While working on the Tritech Service System, I made the mistake of using a glibc package compile for an i686 in the initramfs for an i586 kernel. I happened to do some searching to figure out the source of the problem, since all of my kernels would crash with this message in the exact same place, and thought I’d share it with everyone. This could frustrate custom Linux distro attempts easily.

In short: if the kernel panics because something “attempted to kill init!” then make sure your C library (glibc, eglibc, uclibc, dietlibc, whatever) is not compiled for a CPU higher than the CPU you’re trying to run on.

What’s happening is the system is attempting to execute “init” which immediately terminates due to the fact that the library uses invalid CPU instructions (the older processor doesn’t know about the newer instructions compiled into the library). The message “attempted to kill init!” is technically correct: init was killed because it tried to do something bad, but init is required to run anything else, so once init immediately crashes out, there’s nothing left for the system to do, and the kernel hangs itself up.
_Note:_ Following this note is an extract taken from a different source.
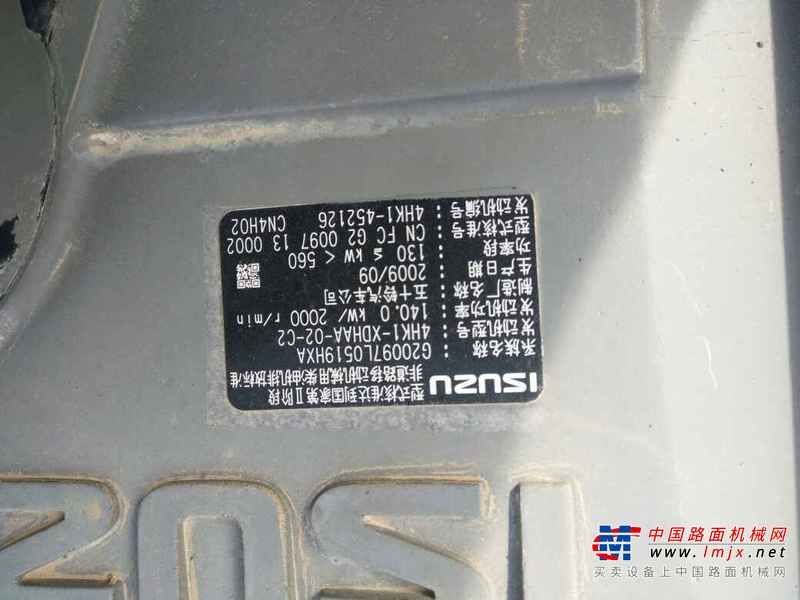 陕西出售转让二手8000小时2010年日立ZX240挖掘机
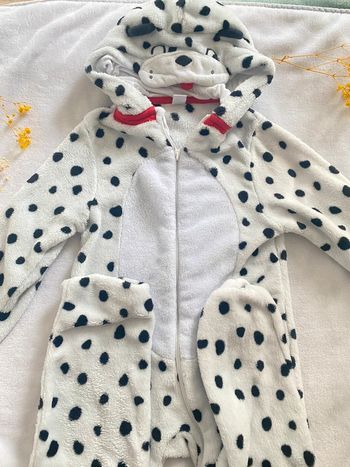 Combinaison pyjama à capuche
Tritech Service System 2.1 progress

So far, only a few bugs remain in TSS 2.1, which is currently at  version 2.1-alpha5.  There are some problems currently being worked out with KMS support, which is the biggest issue so far.  The entire “init” system has been rewritten to replace traditional “init” with the runit-init tools provided by BusyBox.  The move to a partially modular kernel has been done, and we’re testing that out on machines to make sure it behaves as expected.  (Modular support is necessary for drivers that must load firmware, like most wireless network adapters and some of the KMS video drivers in the kernel).

We haven’t set up the “beacon server” features yet, mainly because some security issues need to be addressed.  Persistent home support has been thrown out for now, since we will be replacing it with something more robust in the future.  We’re not too far from the 2.1 release.  It’s going to be pretty sweet!  Stay tuned!

Update (2011-04-08): Up to -alpha7b2, trying to help the Linux kernel developers with some serious framebuffer issues.  It seems that Intel i915 framebuffers (inteldrmfb) like to cause a completely black screen at boot time on plenty of computers (and that’s even using today’s most recent git pull of the kernel code).  Radeon and nVidia once in a while has the same issue.  In the meantime I’ve built a second kernel that has all the graphics stuff stripped out so that we can use console-only mode.

“socat” as a UDP beacon (a Tritech Service System technology preview)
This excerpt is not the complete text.